When anti-Semitic terror struck in Europe, Bibi reminded European Jews of the core meaning of political Zionism. One hundred and twenty years ago, Theodor Herzl got the memo. He heard the mobs in Paris crying out for “death to the Jews.” Herzl didn’t have to wait for cartoonists to be murdered. Right then and there, he knew that Jews should not be the Blanche DuBois of the nations: “I’ve always had to rely on the kindness of strangers.”

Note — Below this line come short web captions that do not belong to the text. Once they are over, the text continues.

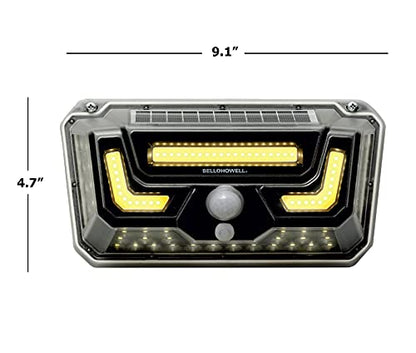 Bell+Howell Solar Bionic Wall Light Solar Lights Outdoor with Motion Sensor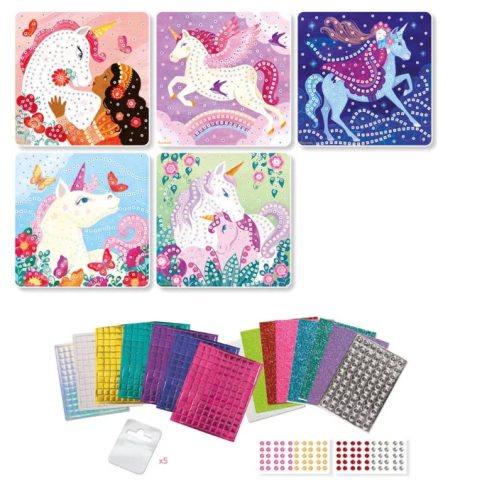 Sycomore Stick’n Fun kreatív készlet – Unikornis mozaikfestmények 4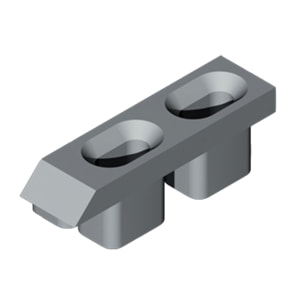 Gâche alu Grise LA CROISEE DS - 2227-021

Yes, Netanyahu sometimes comes off as arrogant, overbearing, obnoxious, and other harsh adjectives. Perhaps. OK, so he’s not Ghandhi. But, then again, Ghandhi counseled the Jews of Europe to commit mass suicide, so as to rouse the conscience of the world.

No thanks, Mahatma.

Finally, Netanyahu pushes American Jewry’s most sensitive historical button.

It’s about dual loyalty.

In 1950, Prime Minister David Ben Gurion got into a public debate with Jacob Blaustein, the president of the American Jewish Committee, one of American Jewry’s premier defense organizations.

Blaustein was concerned. Would the new State of Israel require that all Diaspora Jews make aliyah (immigrate to Israel)? Because if that were to happen, this would lead to accusations of dual loyalty.

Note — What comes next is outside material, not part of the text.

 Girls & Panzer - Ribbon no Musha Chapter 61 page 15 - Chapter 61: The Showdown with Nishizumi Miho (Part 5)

And that charge is a big “uh-oh.” Pharaoh was the first to raise it: “In the event of war they may join with our enemies…and rise up from the land.” (Exodus 1:10) Haman, the arch-villain of the holiday of Purim, said: “There is a certain people…whose laws are different from those of any other people.” (Esther 3:7) In the early 1800s, Napoleon raised it with French Jewish leaders: “Do the Jews born in France, and treated by the law as French citizens, acknowledge France as their country?”

Not to worry, Ben Gurion told Blaustein. Yes, aliyah is desirable, but that’s for the individual Jew to decide. Ben Gurion affirmed that American Jews have only one political loyalty – to the United States. He made it clear: the State of Israel speaks only on behalf of its own citizens, and does not presume to speak for Jews who are citizens of any other country.

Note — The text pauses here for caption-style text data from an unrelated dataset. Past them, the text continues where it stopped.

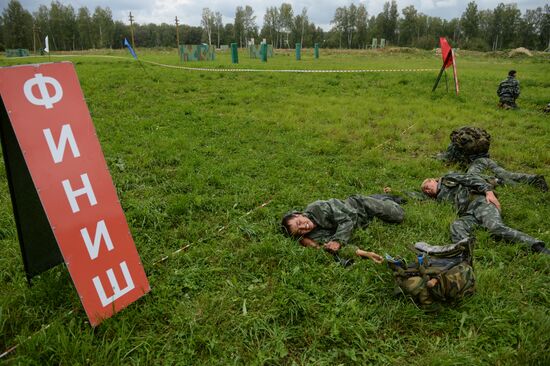 Международный конкурс "Отличники войсковой разведки" в Новосибирской области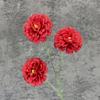 Nueva Flor Artificial de Hibisco de 3 Cabezas Boda Decoración del Hogar Arreglo Flor de Seda Hecha a Mano Adornos de Flores Artificiales Transfronterizos Venta al por Mayor
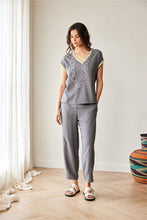 Load image into Gallery viewer, Peruzzi - Stripe Trim Top (Elephant)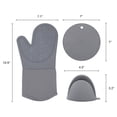 thumbnail image 7 of Unique Bargains Pot Holders Heat Resistant Kitchen Gloves All Gray 10.9x7.1inch, 7 of 7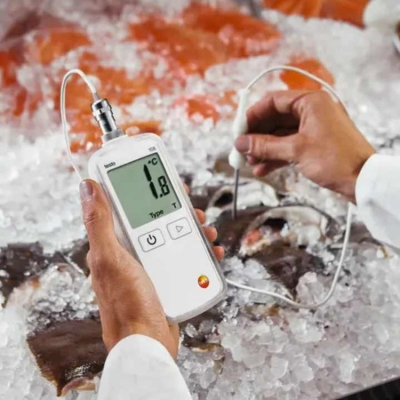 Musktool-Testo 108-2 Quick Spot Digital Temperature Measuring Instrument With Lockable Probe for Food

As the Spanish Jewish poet Yehuda Halevi put it: “I am in the West, and my heart is in the East.”


American Jewish political loyalty is above reproach.

But the American Jewish heart is a dual-chamber heart — divided between United States foreign policy, and the deepest fears of the Jewish people.

That’s why Benjamin Netanyahu makes us crazy. He reminds us of the struggles that go along with being a Jew in the modern world – torn in several different directions, forced to struggle with deep issues of identity.

Which, by the way, is what Israel means – Yisrael – a people that struggles.